WORK ORDER:
Only the lines below from the one that holds "What we're going to do" through the one that holds "Hello everyone, my" should appear in the answer, copied exactly, end lines included and pictures omitted.

GIVEN DATA:
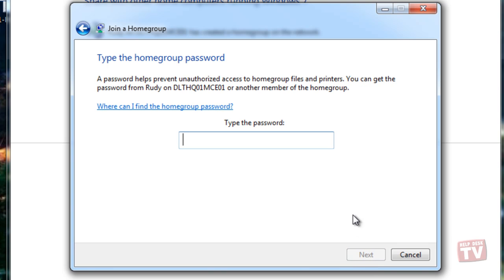You will then be prompted to enter the home group password which was generated during the creation of that home group. Entering the correct password will let you join the home group.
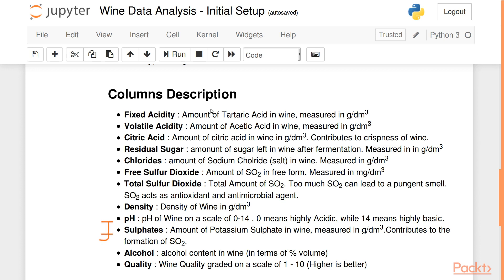Sulfates is the amount of potassium sulfate present in wine, which contributes to the formation of sulfur dioxide. Alcohol is the percentage volume of the alcohol content in wine, and the final column — quality — grades the wine's quality on a scale of 1 to 10.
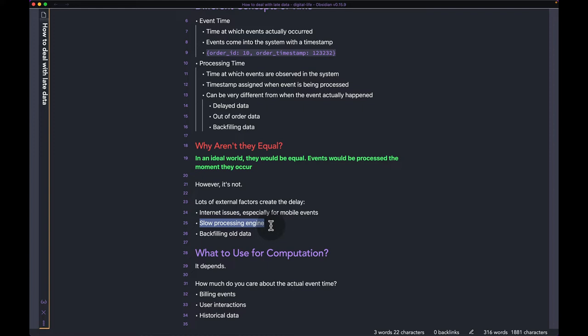You can also have a slow processing engine. Let's say there's no delay — the moment an event happens it enters the system — but events can be happening so fast that the system cannot keep up, so it buffers the data and processes events one by one. In slow processing engines like this, the processing time is different even though the events entered the system on time. And then there's backfilling old data, which we already talked about.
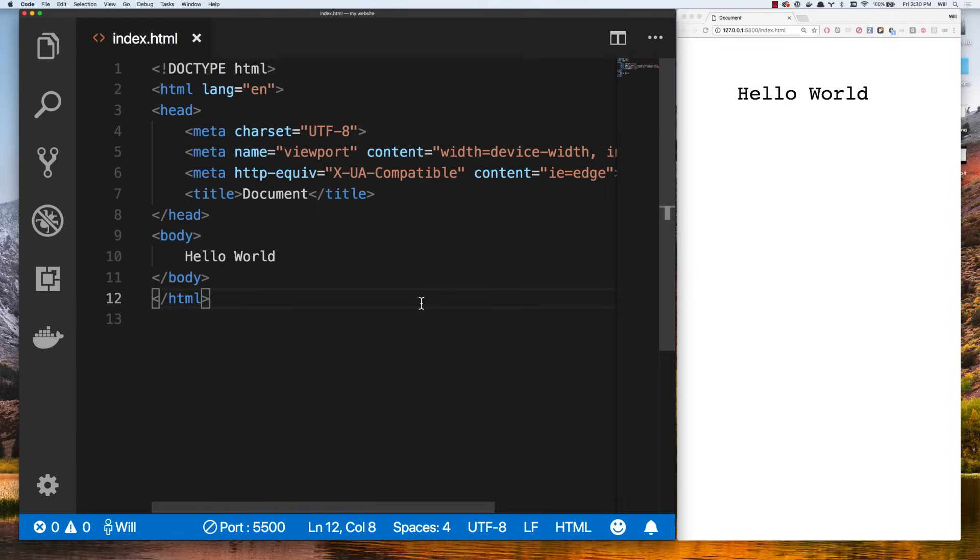What we're going to do in this video is learn HTML, and HTML is the easiest piece of all three. You can really learn it in a day or even an hour because all you have to do is memorize a few words. Let me show you what I mean here.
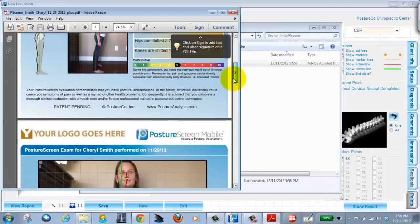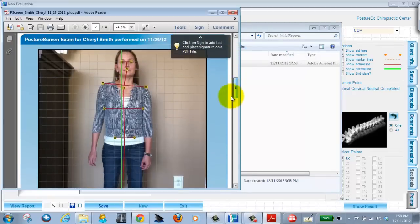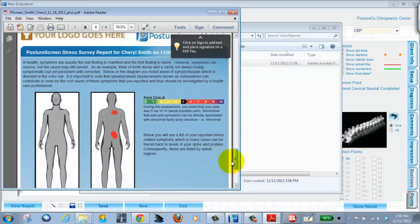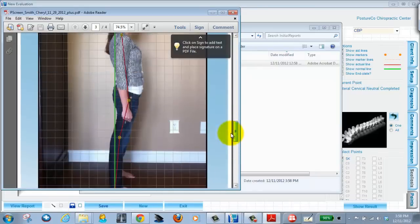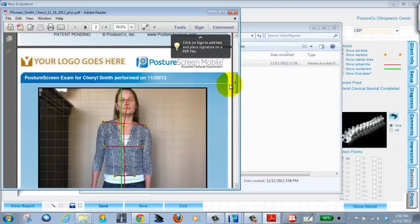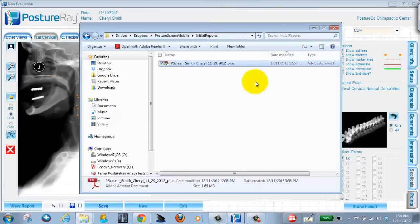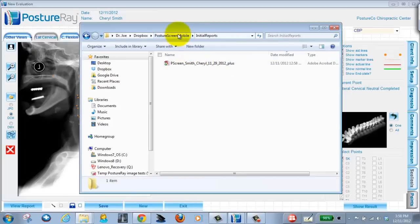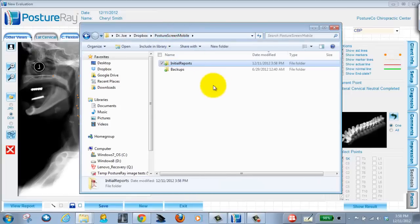But we don't want to put that in our x-ray EMR system. We want just the images, right. Okay, so what we can do is if I go back to Posture Screen Mobile, notice that in that folder there is no other image folders.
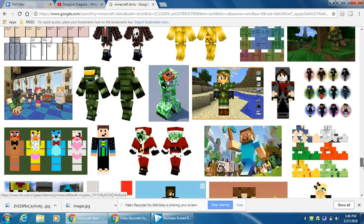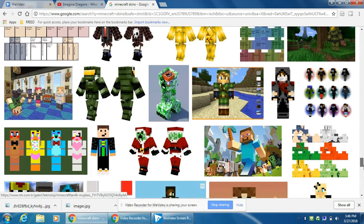You want to download this? Let's do it. First, right click, and press images, and press save, and then there.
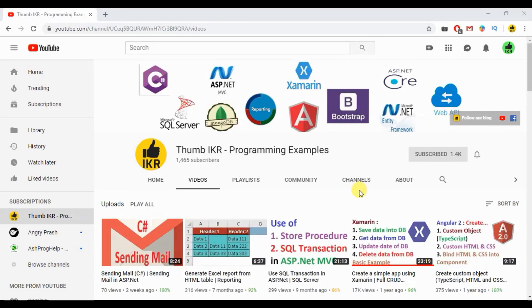Hello viewer, welcome to my channel. Before starting today's topic, please visit the video list and playlist of this channel.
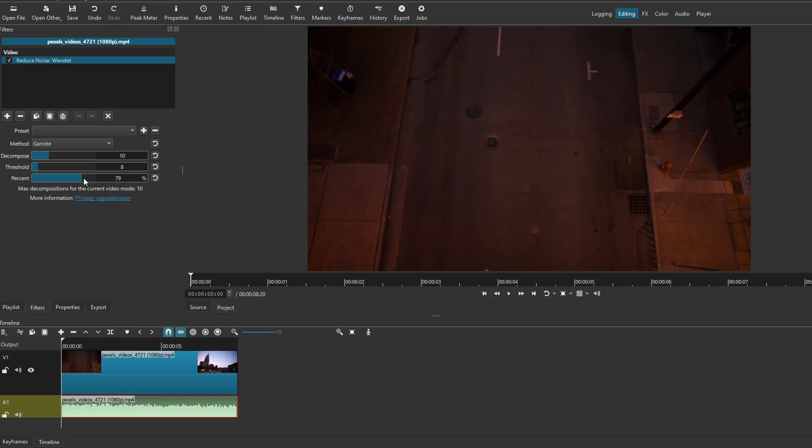Playback the audio to listen and evaluate the effect of the noise reduction filter, adjusting settings until you achieve the desired level of background noise removal.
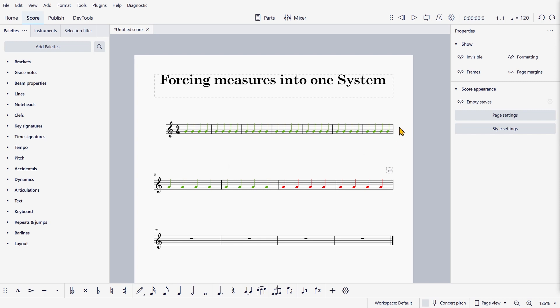Now you can see that even though there is no system break here, the system is still breaking due to a lack of space.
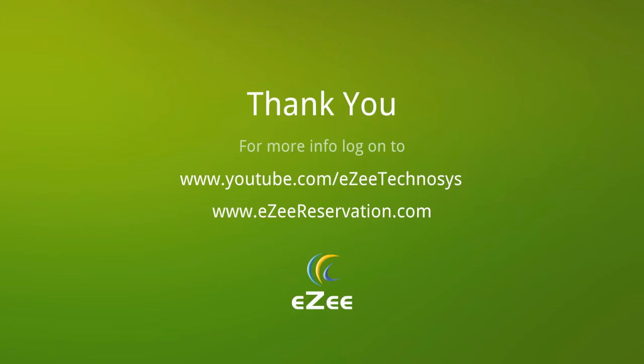For more videos, visit our YouTube channel or you can also log on to our website which is www.eZeeReservation.com. We thank you for your time.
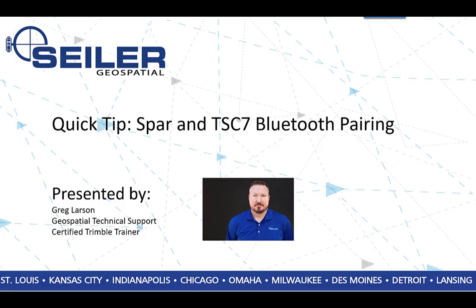Hello everyone, my name is Greg Larson and I would like to welcome you to another Seiler Quick Tip. Today's Quick Tip is the SPAR and TSC7 Bluetooth pairing.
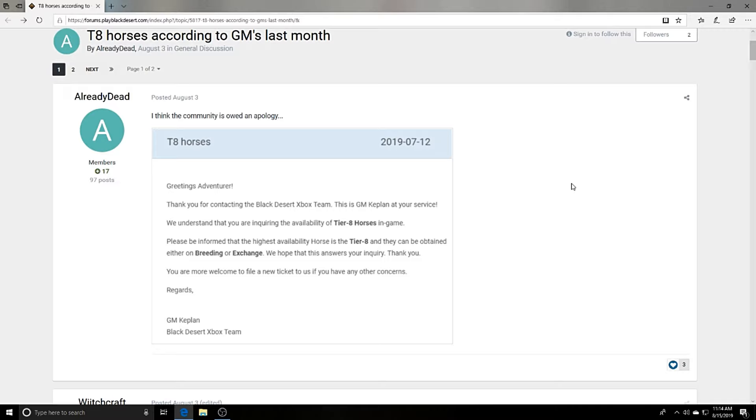Greetings adventurers, thank you for contacting the Black Desert Xbox team. This is GM Keplan at your service. We understand that you are inquiring about the availability of tier 8 horses in game. Please be informed that the highest availability horse is the tier 8 and they can be obtained either on breeding or exchanged.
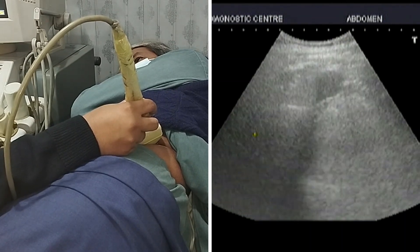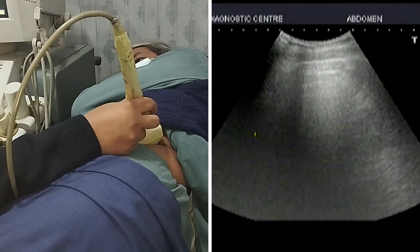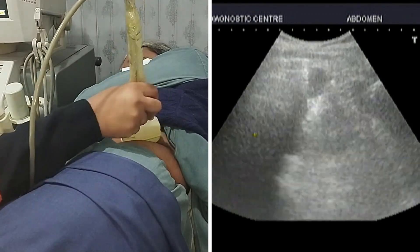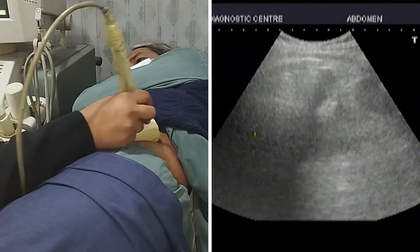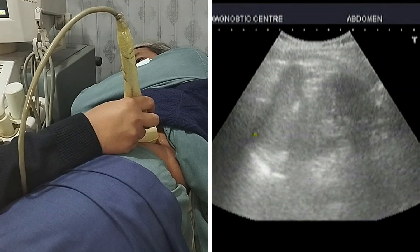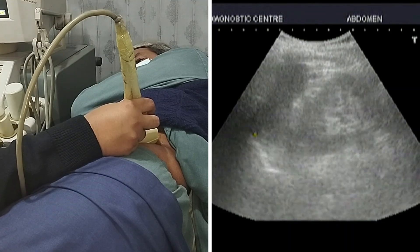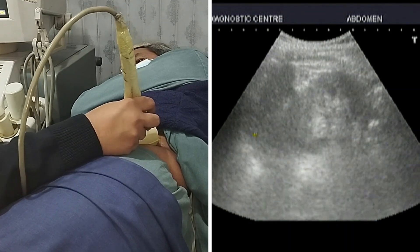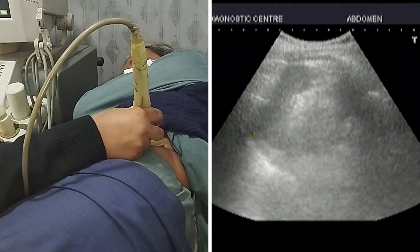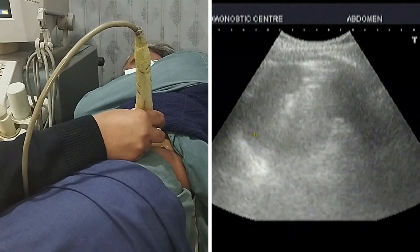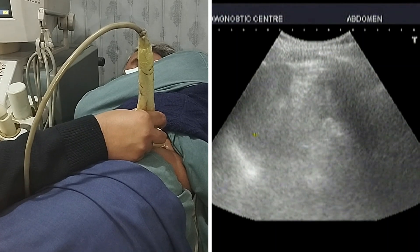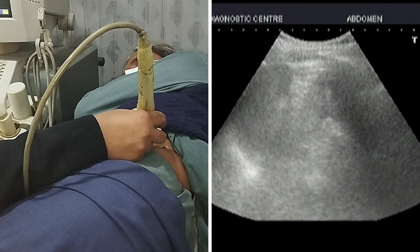I will ask the patient to take a deep breath. When the patient takes a deep breath, the spleen moves downward. But in this case it is being relatively obscured by rib shadow, which is normal. So I will ask the patient to keep on breathing normally. I will push my probe a little bit downward and now you can see that the spleen is visible in its entire length and width.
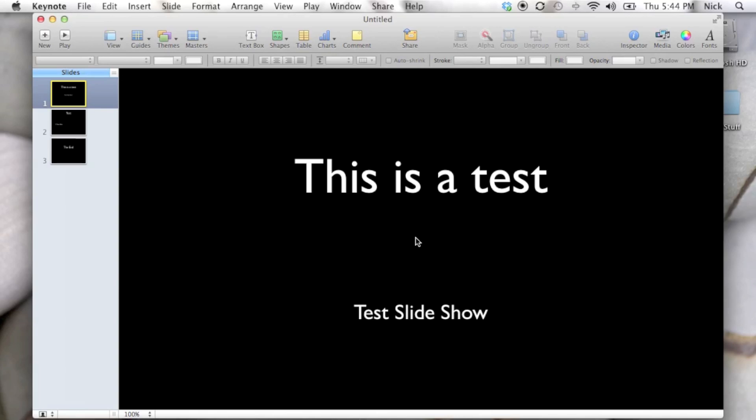What we're going to be doing today is exporting a Keynote slideshow as a PowerPoint slideshow. This will allow you to open that slideshow on a PC running Office or on a Mac that prefers Office. This is a very easy task to accomplish and we're going to start it now.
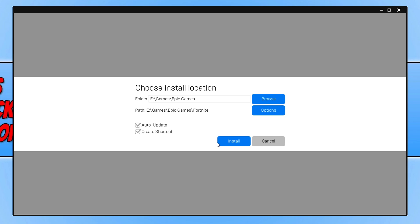This allows me to choose where I would like to install Fortnite. So if you do want to change the location of the install you can click on browse.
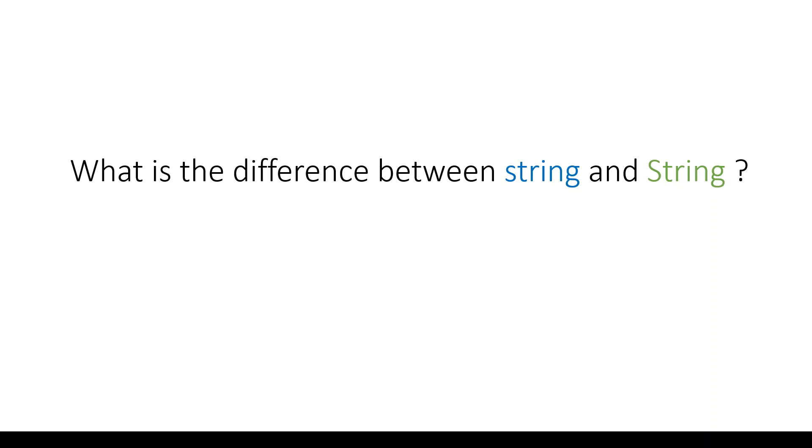Hi, in this video I'll be discussing what is the difference between string with small 's' and String with capital 'S'.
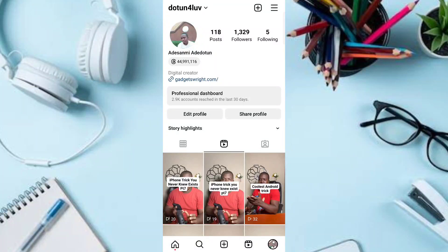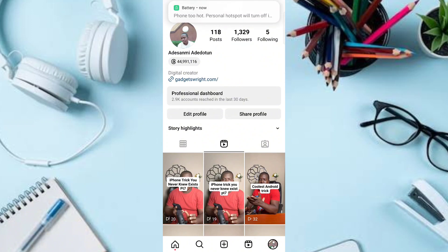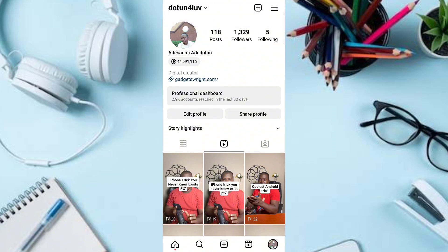In this video I will show you how to log out Instagram accounts on all devices. If you think your Instagram account has been compromised, or you logged into your Instagram account on a friend's phone or computer and are unable to log out and are scared your account could be hacked or compromised, this video will walk you through how to log out all devices on your Instagram account.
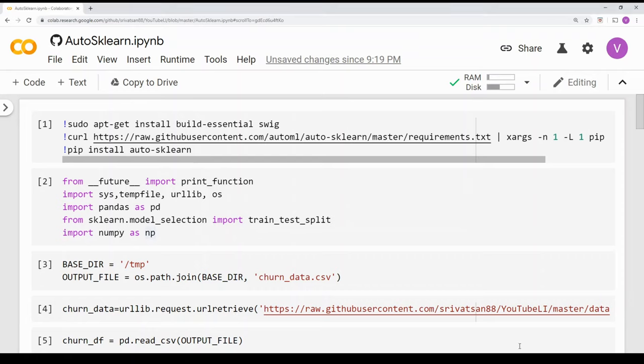In this video we are going to talk about AutoSKLearn, which is an automated machine learning framework and a drop-in replacement for scikit-learn estimators. This is very similar to Teapot, which I have walked through some time back. In case you have not seen Teapot, you can click the link on the top to watch it, but that is not a prerequisite — this video can be watched by itself.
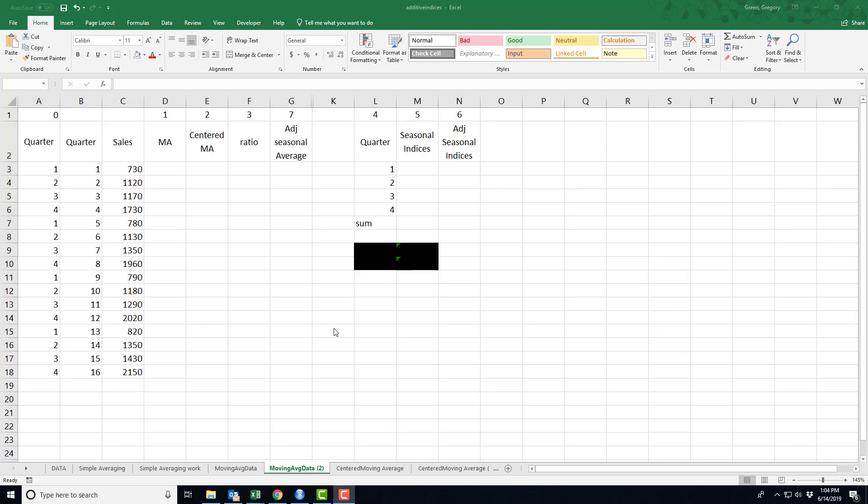In this video, we're looking at another method for calculating these seasonal adjustment factors, and this methodology is referred to as the centered moving average method. It's a little bit more involved than the simple method was, but hopefully it gains us a little bit of accuracy when we're making our forecast.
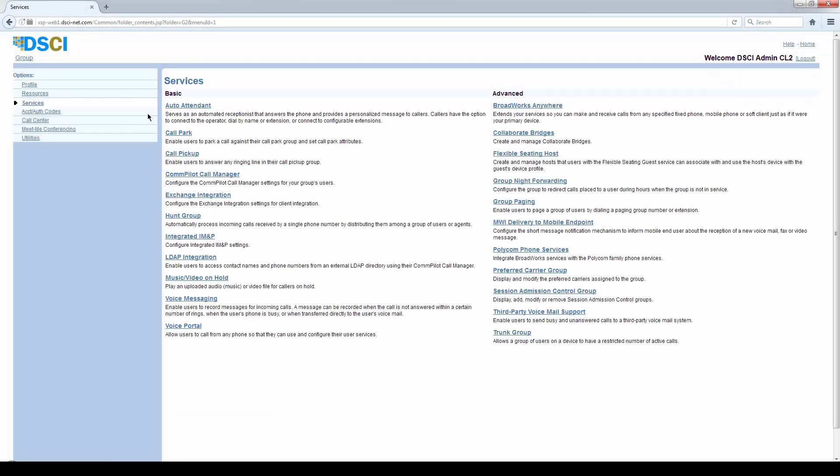If we click on services, we have a listing of our different services: Auto Attendant, Hunt Group, Music on Hold - those are the typical ones we'll take a look at.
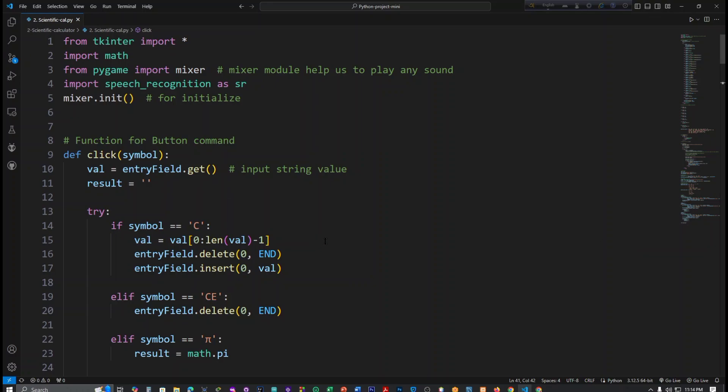And this is a scientific calculator. I have also tried to add here a voice recognition system. So let's check.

COMPLETED TASK:
What we're going to do in this video is learn HTML, and HTML is the easiest piece of all three. You can really learn it in a day or even an hour because all you have to do is memorize a few words. Let me show you what I mean here.
But we don't want to put that in our x-ray EMR system. We want just the images, right. Okay, so what we can do is if I go back to Posture Screen Mobile, notice that in that folder there is no other image folders.
You want to download this? Let's do it. First, right click, and press images, and press save, and then there.
Hello viewer, welcome to my channel. Before starting today's topic, please visit the video list and playlist of this channel.
Playback the audio to listen and evaluate the effect of the noise reduction filter, adjusting settings until you achieve the desired level of background noise removal.
Now you can see that even though there is no system break here, the system is still breaking due to a lack of space.
For more videos, visit our YouTube channel or you can also log on to our website which is www.eZeeReservation.com. We thank you for your time.
Hello everyone, my name is Greg Larson and I would like to welcome you to another Seiler Quick Tip. Today's Quick Tip is the SPAR and TSC7 Bluetooth pairing.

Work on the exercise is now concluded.